AI Memory Latest Paper Review and MoltMem Comparison Report

March 11, 2026 · ~30 minutes read · Covered period: Late 2025 to Early 2026

Verification approach: Initial web search results were cast widely, but this report adopts only papers whose existence, dates, and abstracts could be directly confirmed via arXiv API.


0. Conclusions First

Four Truly Important Points for MoltMem

  1. Explicitly possess pre-storage gating (admission control)
    In the 2026 flow, "what to store" has become an independent design consideration.
  2. Acknowledge that facts alone are insufficient
    fact/summarized memory is cheap, but risks losing evidence needed for future queries. Need a path back to raw evidence.
  3. Evaluate retrieval separately from write
    Recent papers show that retrieval differences are more dominant than cleverness in writing methods.
  4. Run evaluation across multiple sessions, time-series, and with updates
    Simple recall benchmarks alone miss the real-world question: "Does the remembered information improve subsequent behavior?"

In short, MoltMem is already on quite a good track. But the next battleground is not extraction cleverness itself, but rather admission / evidence tier / retrieval eval.


1. What MoltMem Is Aiming For Now (Basis for Comparison)

1.1 Purpose as Stated in README

"MoltMem solves the following problems:"
"1. Conversational memory loss: Problem of conversation content being lost during compaction"
"2. Poor compression quality: Problem of important information not being properly retained"
"3. Difficulty tracking conversation history: Problem of being unable to track what happened in which turn"

From these three points, MoltMem's core lies not in mere "long-term memory" but in the combination of memory + auditability.

1.2 Current State of the Self-Learning Pipeline

"Goal: Repair all unimplemented and incomplete parts of the self-learning pipeline (fact_extractor occurrence coordination, procedural fact creation, NLI integration, source_type filter relaxation, Admin UI settings) so all learning types become promotion candidates."

In other words, MoltMem is already moving toward occurrence / recurrence, source_type, NLI gate, and Admin UI auditing and adjustment.

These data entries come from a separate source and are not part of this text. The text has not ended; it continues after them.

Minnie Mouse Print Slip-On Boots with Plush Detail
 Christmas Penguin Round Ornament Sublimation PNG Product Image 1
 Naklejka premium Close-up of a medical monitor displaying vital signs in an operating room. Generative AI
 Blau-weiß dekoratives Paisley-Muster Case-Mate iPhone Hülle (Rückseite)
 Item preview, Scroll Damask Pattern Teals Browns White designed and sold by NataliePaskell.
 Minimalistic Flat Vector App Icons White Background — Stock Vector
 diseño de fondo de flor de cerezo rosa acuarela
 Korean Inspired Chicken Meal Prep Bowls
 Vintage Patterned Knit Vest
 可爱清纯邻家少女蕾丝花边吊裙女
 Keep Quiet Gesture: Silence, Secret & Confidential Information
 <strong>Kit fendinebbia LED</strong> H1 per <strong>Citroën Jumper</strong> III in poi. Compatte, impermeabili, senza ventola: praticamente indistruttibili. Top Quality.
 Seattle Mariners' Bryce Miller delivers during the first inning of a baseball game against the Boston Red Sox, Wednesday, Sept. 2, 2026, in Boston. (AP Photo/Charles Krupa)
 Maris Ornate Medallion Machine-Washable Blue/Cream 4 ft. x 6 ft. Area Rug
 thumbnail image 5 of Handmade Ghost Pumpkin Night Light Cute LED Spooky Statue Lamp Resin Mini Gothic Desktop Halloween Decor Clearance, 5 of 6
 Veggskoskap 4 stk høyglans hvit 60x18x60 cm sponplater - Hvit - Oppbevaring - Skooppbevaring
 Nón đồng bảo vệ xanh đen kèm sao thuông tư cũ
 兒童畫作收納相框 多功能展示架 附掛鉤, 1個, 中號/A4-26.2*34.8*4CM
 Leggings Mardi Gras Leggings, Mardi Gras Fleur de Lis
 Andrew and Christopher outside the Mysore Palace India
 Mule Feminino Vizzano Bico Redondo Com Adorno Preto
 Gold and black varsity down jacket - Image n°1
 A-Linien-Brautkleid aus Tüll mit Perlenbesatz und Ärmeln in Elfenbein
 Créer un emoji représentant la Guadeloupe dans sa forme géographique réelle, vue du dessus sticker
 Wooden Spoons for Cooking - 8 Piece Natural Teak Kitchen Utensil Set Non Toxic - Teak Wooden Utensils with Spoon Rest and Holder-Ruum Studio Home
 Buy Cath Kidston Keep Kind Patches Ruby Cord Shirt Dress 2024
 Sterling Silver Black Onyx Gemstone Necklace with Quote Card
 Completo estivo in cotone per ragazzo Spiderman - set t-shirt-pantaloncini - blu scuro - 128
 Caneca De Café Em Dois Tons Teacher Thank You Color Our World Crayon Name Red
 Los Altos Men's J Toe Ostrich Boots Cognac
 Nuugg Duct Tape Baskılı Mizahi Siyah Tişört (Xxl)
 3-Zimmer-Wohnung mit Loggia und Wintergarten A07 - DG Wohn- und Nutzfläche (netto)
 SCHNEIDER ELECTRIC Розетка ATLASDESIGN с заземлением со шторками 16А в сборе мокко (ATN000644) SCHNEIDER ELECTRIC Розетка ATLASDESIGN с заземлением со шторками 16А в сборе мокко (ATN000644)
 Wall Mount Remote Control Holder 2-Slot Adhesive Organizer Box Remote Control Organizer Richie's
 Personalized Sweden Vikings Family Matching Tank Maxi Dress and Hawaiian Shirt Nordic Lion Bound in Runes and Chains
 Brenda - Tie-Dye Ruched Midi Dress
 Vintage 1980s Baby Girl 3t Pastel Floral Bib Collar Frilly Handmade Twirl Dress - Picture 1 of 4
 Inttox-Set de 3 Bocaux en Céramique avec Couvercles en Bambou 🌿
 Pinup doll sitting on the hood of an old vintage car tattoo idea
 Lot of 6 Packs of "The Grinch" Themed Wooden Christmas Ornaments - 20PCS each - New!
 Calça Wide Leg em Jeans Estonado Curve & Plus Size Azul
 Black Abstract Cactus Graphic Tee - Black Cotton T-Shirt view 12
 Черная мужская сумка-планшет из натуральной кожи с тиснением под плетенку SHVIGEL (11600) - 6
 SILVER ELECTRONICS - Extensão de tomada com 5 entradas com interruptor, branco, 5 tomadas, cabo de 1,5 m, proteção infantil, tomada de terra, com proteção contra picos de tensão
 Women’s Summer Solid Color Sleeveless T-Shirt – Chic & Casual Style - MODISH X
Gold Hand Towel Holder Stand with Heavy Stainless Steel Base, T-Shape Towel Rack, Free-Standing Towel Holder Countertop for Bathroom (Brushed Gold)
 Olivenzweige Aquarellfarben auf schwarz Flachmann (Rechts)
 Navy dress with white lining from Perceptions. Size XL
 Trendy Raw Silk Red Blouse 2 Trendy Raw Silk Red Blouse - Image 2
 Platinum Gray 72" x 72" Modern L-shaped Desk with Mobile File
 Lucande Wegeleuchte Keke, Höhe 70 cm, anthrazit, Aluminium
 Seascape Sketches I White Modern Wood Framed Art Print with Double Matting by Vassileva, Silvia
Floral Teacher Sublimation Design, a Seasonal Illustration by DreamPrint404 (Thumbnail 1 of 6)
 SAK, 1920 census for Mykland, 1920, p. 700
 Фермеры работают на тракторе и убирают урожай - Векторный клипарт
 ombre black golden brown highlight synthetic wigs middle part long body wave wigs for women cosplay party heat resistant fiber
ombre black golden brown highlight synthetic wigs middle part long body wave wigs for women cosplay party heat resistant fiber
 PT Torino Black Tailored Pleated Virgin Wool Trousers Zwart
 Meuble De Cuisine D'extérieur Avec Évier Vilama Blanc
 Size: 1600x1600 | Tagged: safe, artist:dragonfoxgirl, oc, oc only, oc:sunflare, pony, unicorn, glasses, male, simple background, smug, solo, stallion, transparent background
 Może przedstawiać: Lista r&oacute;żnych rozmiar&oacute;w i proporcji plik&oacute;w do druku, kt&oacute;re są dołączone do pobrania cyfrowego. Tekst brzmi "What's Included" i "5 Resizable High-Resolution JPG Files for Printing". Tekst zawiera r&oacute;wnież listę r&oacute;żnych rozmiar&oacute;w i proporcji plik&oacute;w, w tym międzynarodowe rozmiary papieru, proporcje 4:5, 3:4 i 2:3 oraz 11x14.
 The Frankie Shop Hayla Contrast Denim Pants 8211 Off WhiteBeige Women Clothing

This aligns quite well with recent paper trends.

1.3 Fact Ledger Design Philosophy

"Facts replace the legacy Memory/EpisodicMemory system with a unified, typed, auditable fact store."

Self-learning and provenance fields: source_type / fingerprint / recurrence_count / first_seen_at / source_session_id / source_timestamp / source_turn_ids

This is significant. The admission basis, recurrence, provenance, and traceability that have become important in recent papers already have a foundation in at least the data model.

1.4 Current Injection Method

"Tier 1: safety/pinned facts (full text, no item limit)"
"Tier 2: behavior-related facts (full text, max 10 items)"

This is simple and robust, but conversely, it is not query-adaptive retrieval. This is a candidate for future gaps.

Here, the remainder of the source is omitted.